*Records supplied*:
'''
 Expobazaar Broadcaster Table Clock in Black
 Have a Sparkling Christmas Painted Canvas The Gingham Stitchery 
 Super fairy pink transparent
'''
'''
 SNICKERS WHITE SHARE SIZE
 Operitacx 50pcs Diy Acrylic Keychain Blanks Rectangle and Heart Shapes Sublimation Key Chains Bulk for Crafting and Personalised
'''
*What the task asks*: Of all the entries above, output exactly the lines between the one holding "Expobazaar Broadcaster Table Clock in Black" and the one holding "Super fairy pink transparent", inclusive.

*Reply*:
 Expobazaar Broadcaster Table Clock in Black
 Have a Sparkling Christmas Painted Canvas The Gingham Stitchery 
 Super fairy pink transparent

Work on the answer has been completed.